Auf Online-Reiseplattformen wird die Nanguan-Moschee nach wie vor als Touristenattraktion beworben. Und in der Tat mutet das Gebäude auf den Bildern wie ein islamischer Prachtbau an: grüne Kuppeln, goldene Ornamente und mehrere Minarette, deren Spitzen von Halbmonden geziert sind.
An diesem kühlen Septemberabend ist die Moschee im Stadtzentrum von Yinchuan jedoch kaum wiederzuerkennen: Hinter dem vergitterten Eingang lässt sich lediglich ein schlichter Funktionsbau ausmachen. Sämtliche arabische Schriftzeichen und dekorative Elemente wurden kurz vor der Pandemie im Zuge einer “Renovierung” entfernt. Statt Minaretten ragt hier nun die rote Flagge der Volksrepublik China in den Himmel.
Wenn es in den Medien um den Islam in China geht, wird meist über die muslimische Minderheit der Uiguren berichtet. Das Turkvolk, beheimatet in der Region Xinjiang, wird in der Tat seit Jahren brutal vom chinesischen Staat unterdrückt. Doch weit weniger bekannt ist, dass der Großteil der Muslime im Reich der Mitte einer anderen Ethnie angehört. Die über zehn Millionen Hui sind in ihrem Äußeren kaum von Han-Chinesen zu unterscheiden. Sowohl kulturell als auch religiös sind sie weitgehend assimiliert. Und dennoch sind auch die Hui in den letzten Jahren vermehrt ins Visier der Behörden geraten.
Nirgendwo lässt sich dies anschaulicher beobachten als im nordwestchinesischen Yinchuan, wo die muslimische Minderheit immerhin ein Viertel der Bevölkerung stellt: Gebetsrufe sind wegen “Lärmschutz” verboten, der Koran wurden aus den Läden entfernt.

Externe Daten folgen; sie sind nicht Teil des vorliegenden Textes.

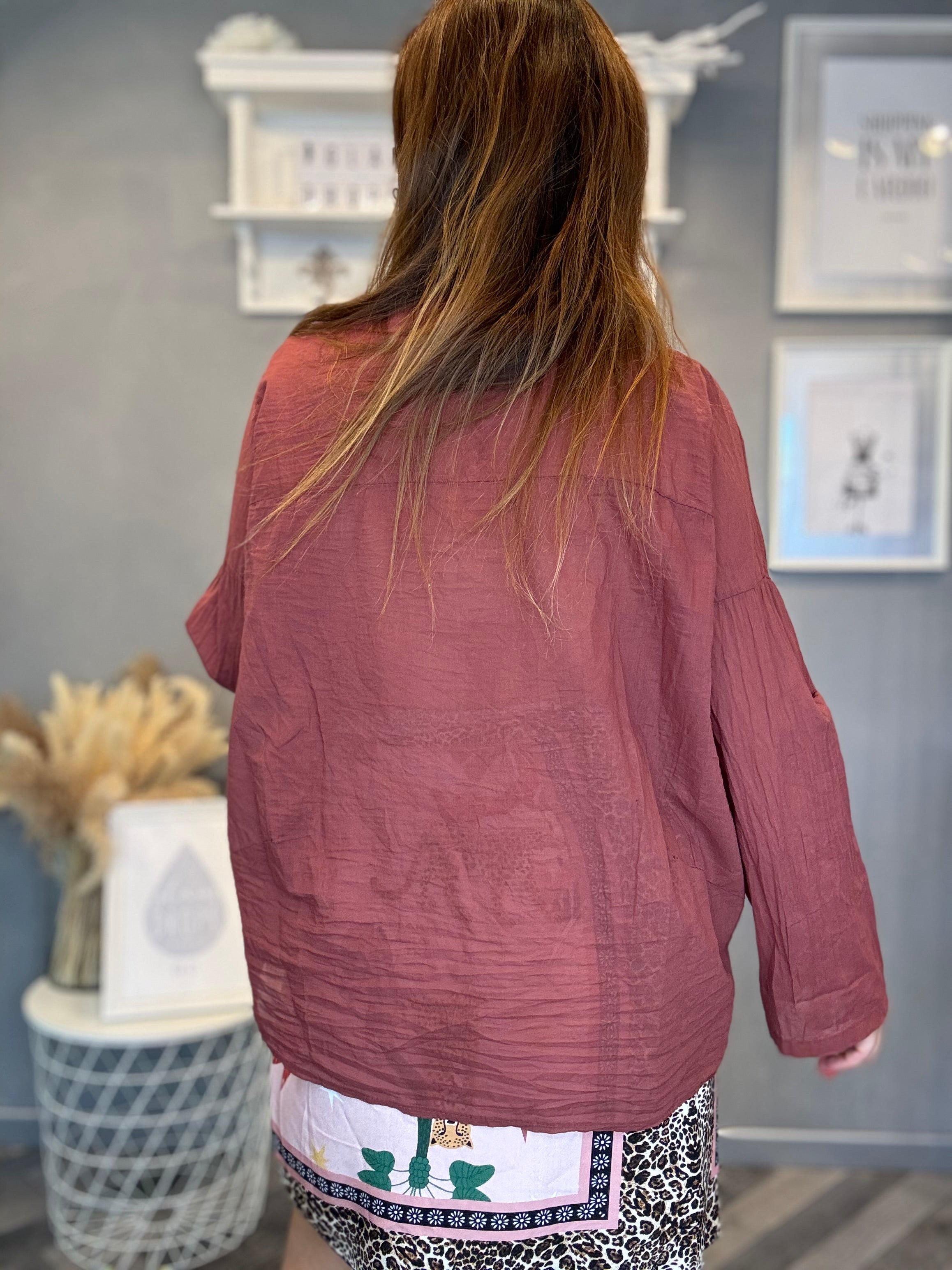 Camicia in mussola manica lunga mattone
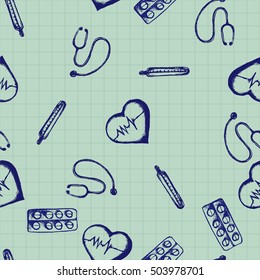 Vector doodle seamless illustration. Medicine icons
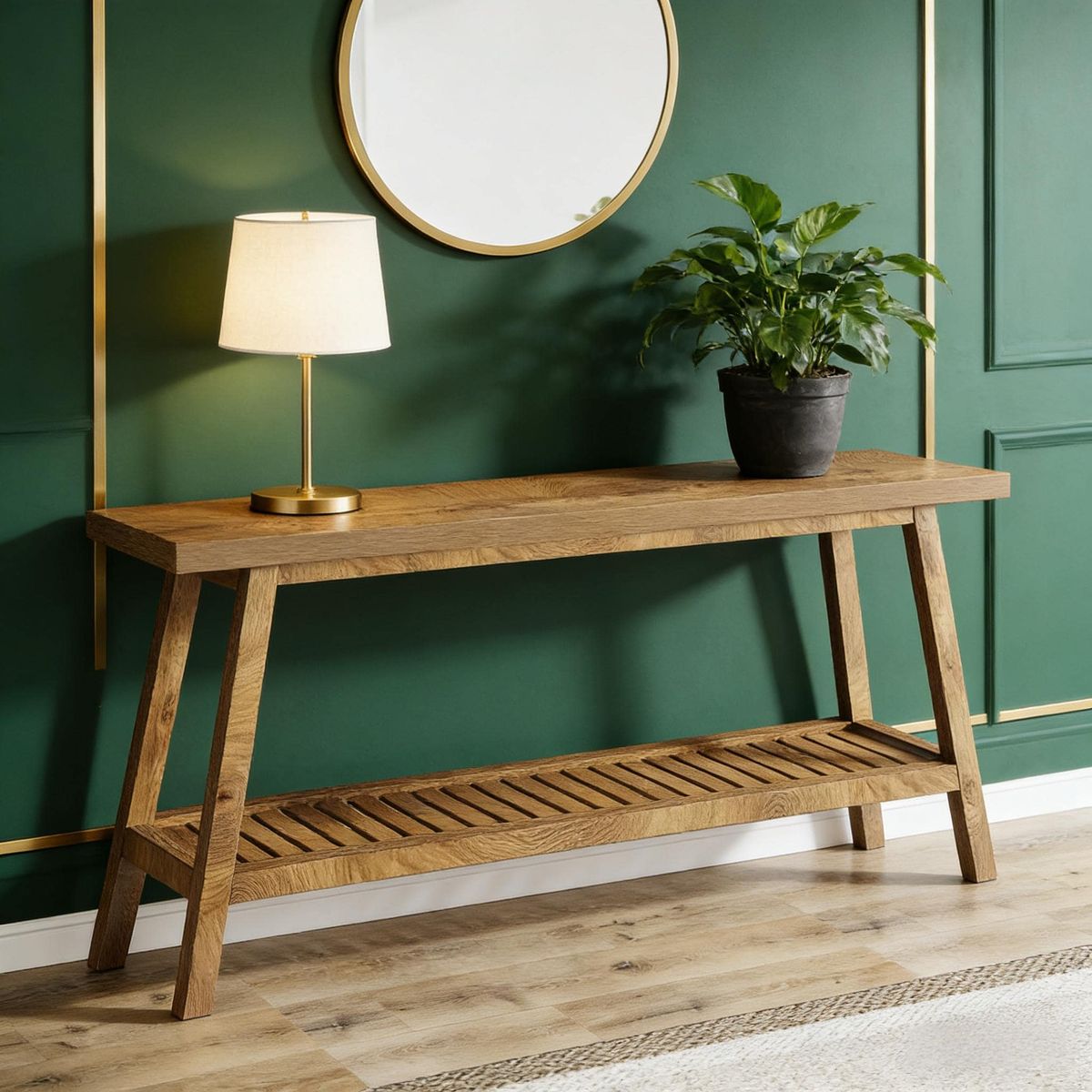 Farmhouse Console Table, Entryway Table 2-Tier Sofa Table_maomaolike.com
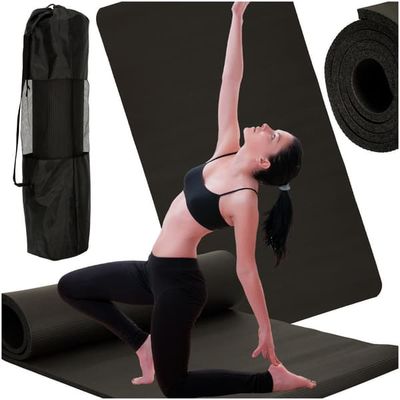 Yogamåtte træningsmåtte 185x83x1,5 cm skridsikker med bæretaske sort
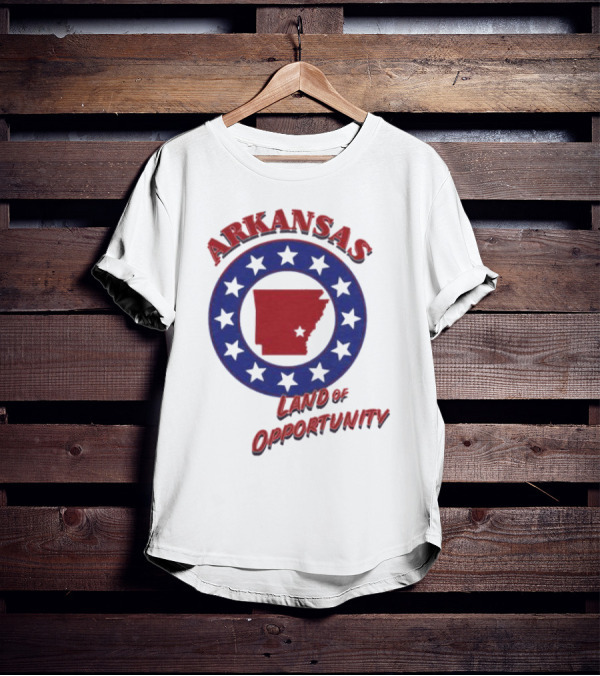 Arkansas Land Of Opportunity Red State Blue Star Circle T-Shirt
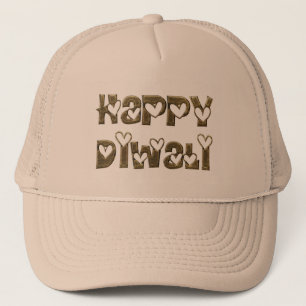 Happy Diwali Gruß Niedlich Hearts Typografie Truckerkappe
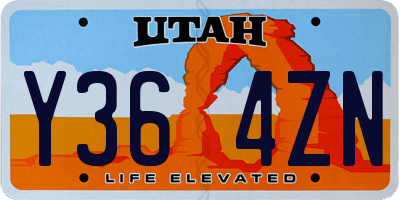 UT license plate Y364ZN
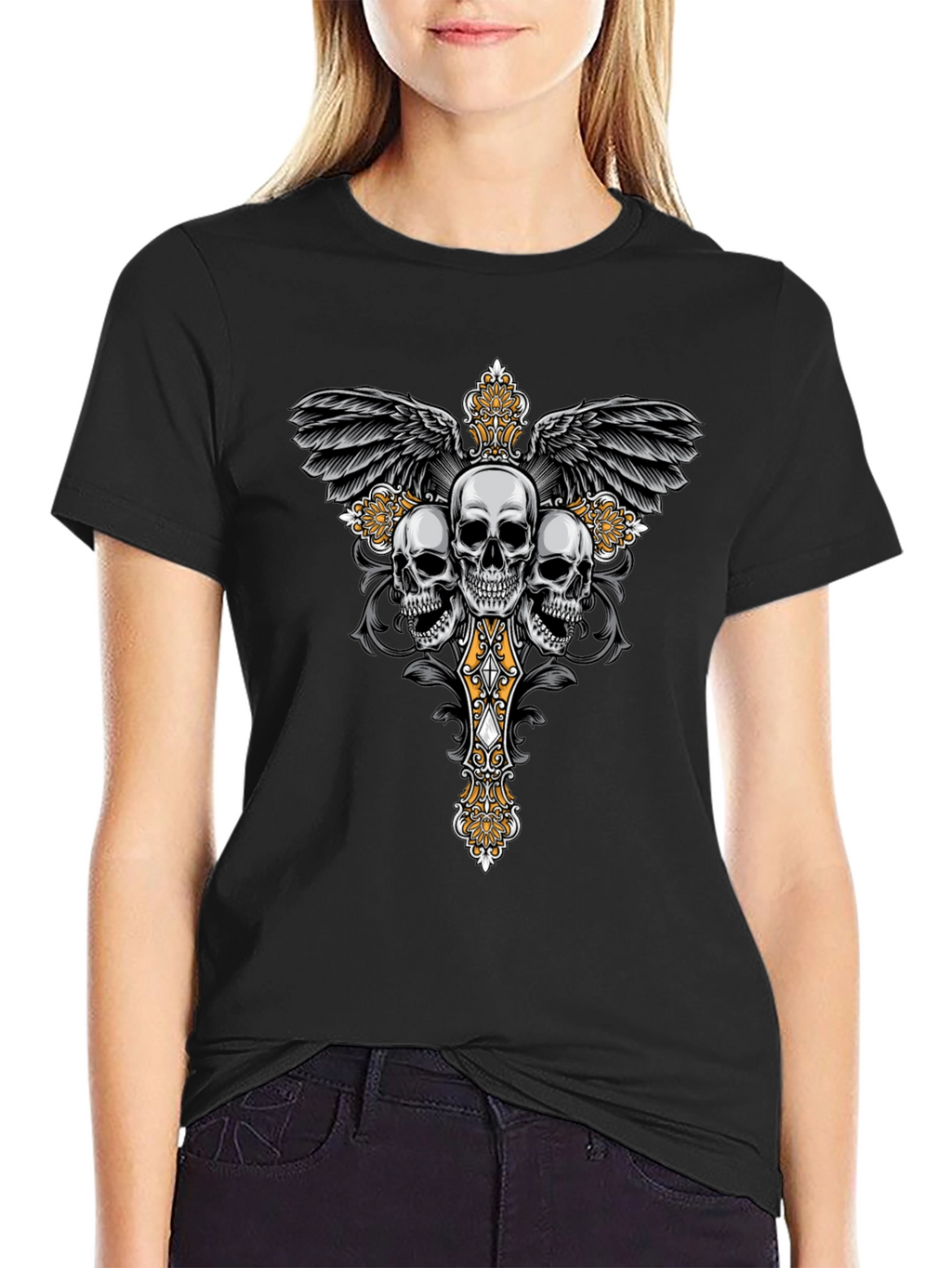 Skull Cross Wings Graphic T-Shirt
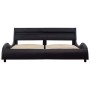 Bed frame with LED in black synthetic leather 140x200 cm by vidaXL, Beds and slatted bases - Ref: Foro24-285669, Price: 293,2...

Und auch das Stadtbild hat sich nachhaltig verändert: Der idyllische Aiyi-Fluss, der behäbig durch die Zwei-Millionen-Metropole fließt, wurde 2018 von den Behörden wegen seines “arabisch klingenden Namens” kurzerhand umgetauft. Wie ein Experte der örtlichen Ningxia Universität für Hui-Studien in den Staatsmedien damals erklärte, würde “Aiyi” in den Ohren der Chinesen zu sehr nach “Aisha” tönen – einer der fünf Ehefrauen des Propheten Mohammed. Das wiederum verstoße gegen das Gesetz: Bereits 2013 hatte die Lokalregierung beschlossen, dass Örtlichkeiten in Yinchuan nicht nach ausländischen Personen benannt werden dürfen.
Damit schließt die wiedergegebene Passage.